# Your task:
Write out the data word for word and omit every picture.

# Source data:

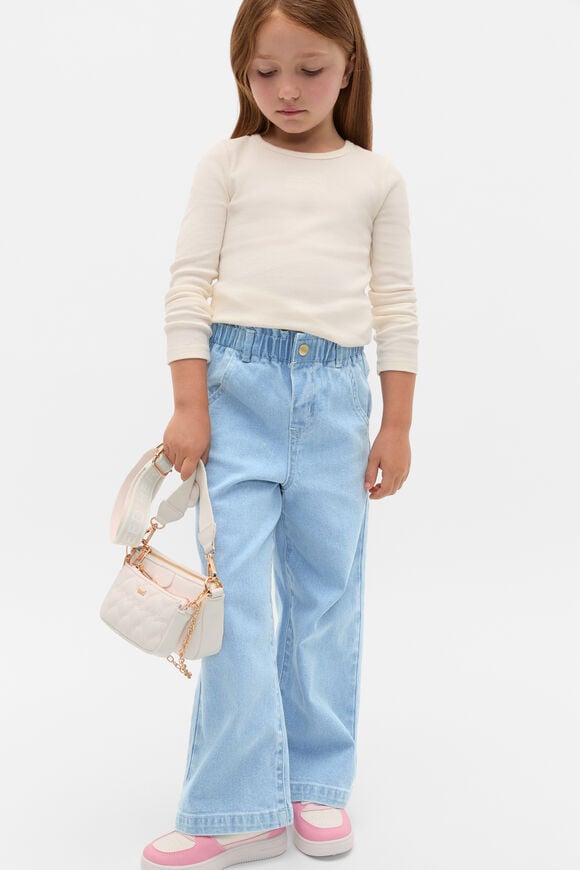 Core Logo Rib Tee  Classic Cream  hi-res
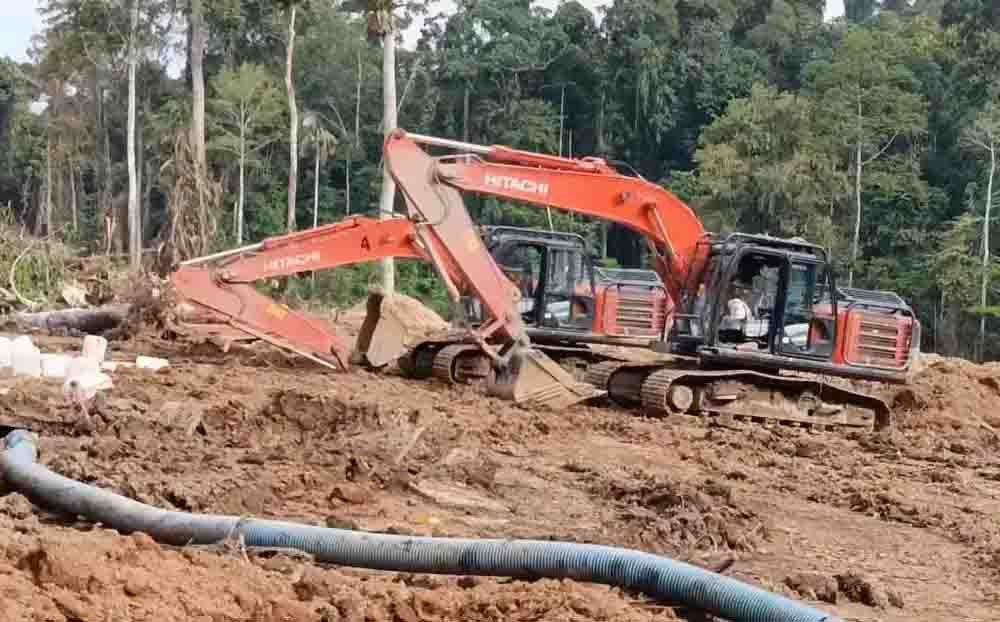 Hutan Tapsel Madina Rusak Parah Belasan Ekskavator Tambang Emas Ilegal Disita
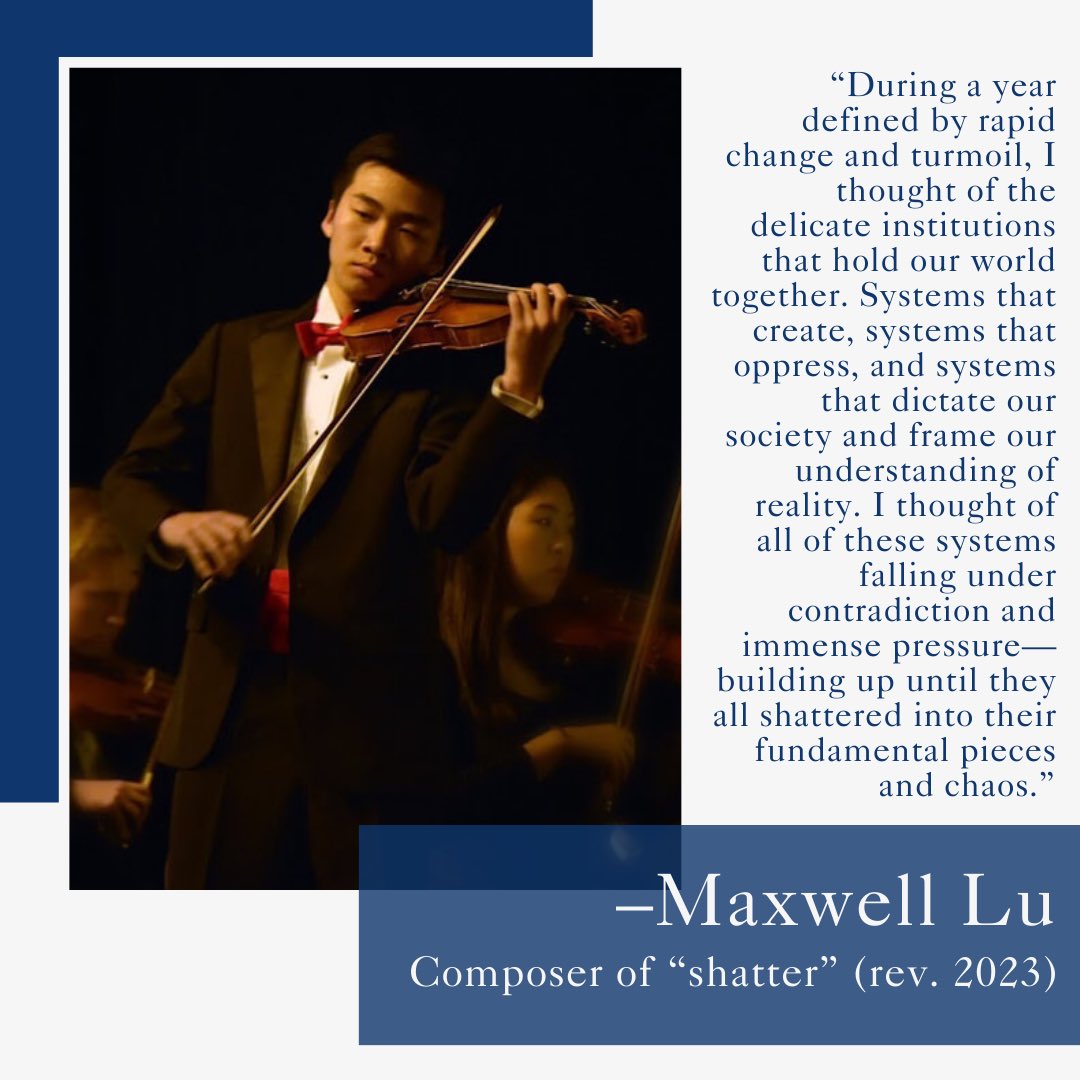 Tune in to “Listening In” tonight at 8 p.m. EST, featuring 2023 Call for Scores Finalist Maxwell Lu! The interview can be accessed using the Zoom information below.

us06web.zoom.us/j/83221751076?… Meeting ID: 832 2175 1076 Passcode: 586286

# Task answer:
 Core Logo Rib Tee  Classic Cream  hi-res
 Hutan Tapsel Madina Rusak Parah Belasan Ekskavator Tambang Emas Ilegal Disita
 Tune in to “Listening In” tonight at 8 p.m. EST, featuring 2023 Call for Scores Finalist Maxwell Lu! The interview can be accessed using the Zoom information below.

us06web.zoom.us/j/83221751076?… Meeting ID: 832 2175 1076 Passcode: 586286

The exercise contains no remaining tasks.